As Jesus’ earthly life draws towards its close, his message becomes increasingly uncompromising. Jesus does not wrap up the message of his second coming and the time of final judgement in fancy words or oblique stories. Jesus tells it the way it is. He begins by pointing out the obvious. If we are surrounded by vast hostile forces we recognize the fact that destruction is close at hand. He reminds us that such moments of human crisis and devastation know no boundaries, even the most vulnerable will be victims of the cruelty of their fellow human beings. But … Jesus goes on to speak of other signs and portents.
Throughout scripture we read of the time when this world will come to an end, and the time of God’s kingdom will be ushered in. As with the birth of babies, this will be accompanied, we are told, by a period of great pain.
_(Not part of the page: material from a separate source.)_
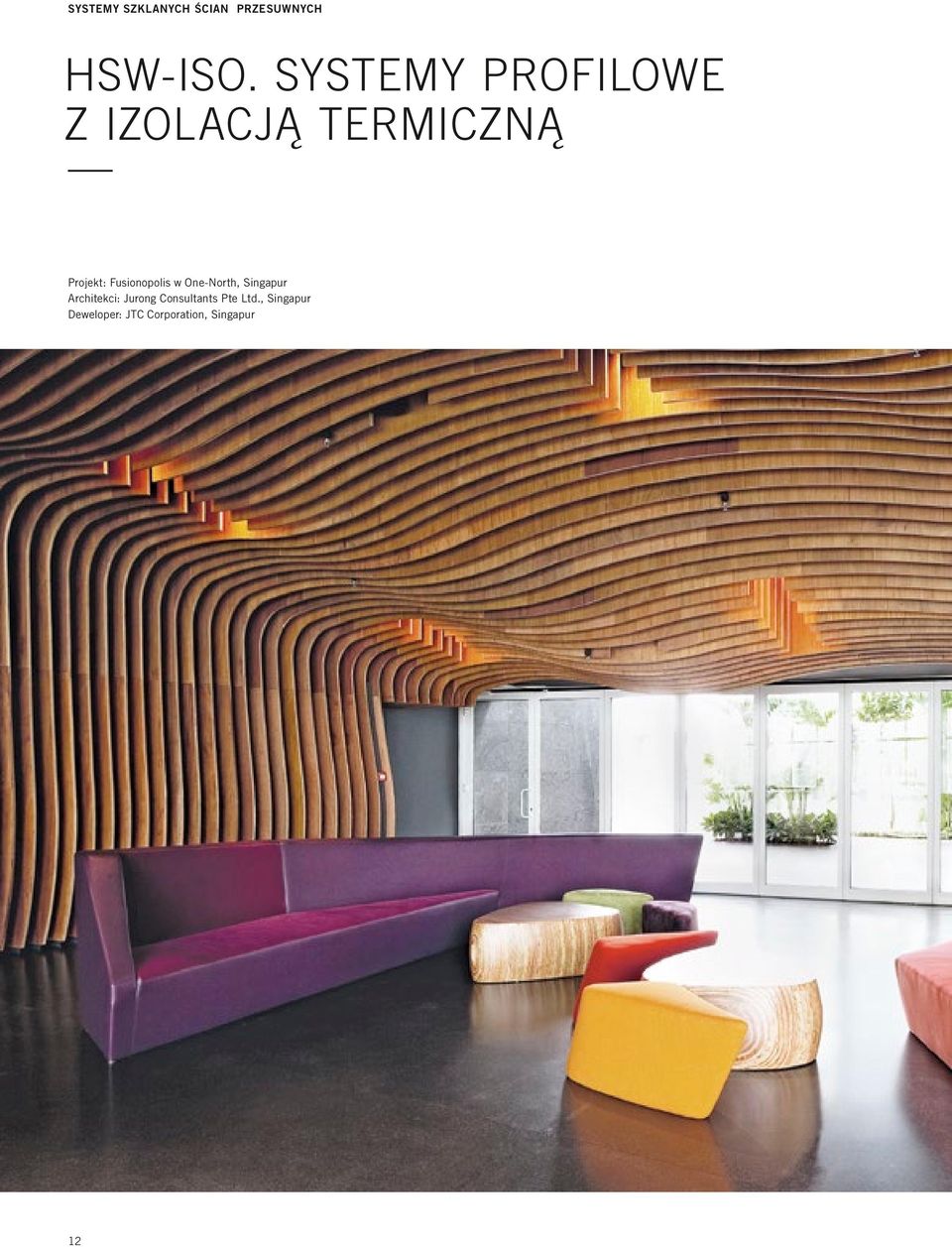 Fusionopolis w One-North, Singapur Architekci: Jurong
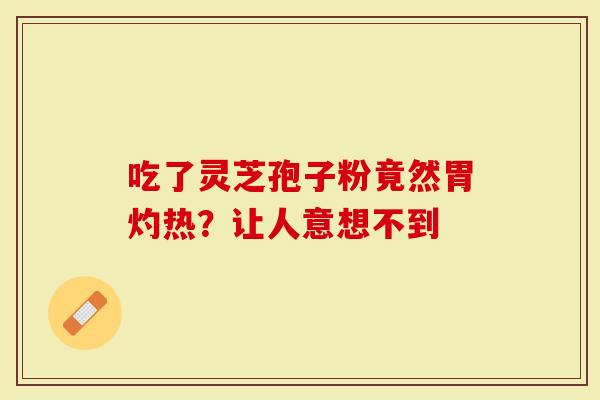 吃了灵芝孢子粉竟然胃灼热？让人意想不到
However, as with the coming of a new life into this world, the pain will be comparatively short lived, and it will be followed by great joy. Whatever devastation and pain humanity may inflict upon itself, whether it recognizes the signs of this world’s end or not, the Son of Man will come in glory. Jesus will return and God’s redemption will become manifest to all.
But … scripture also warns us that this coming of God’s kingdom will also be a time of judgement. There will be, for all of us, a time when we will be required to account for our words and deeds. We will face our God and account for how we have use the gifts and talents that he has bestowed upon us. Have we been compassionate and loving, as Jesus was? Have we been generous and accepting, as Jesus was? Have we set self to one side in order that we might serve those in greater need than ourselves, as Jesus did?
Jesus is warning us that the time of judgement will come for us all. He is also asking us what we are doing to prepare for it?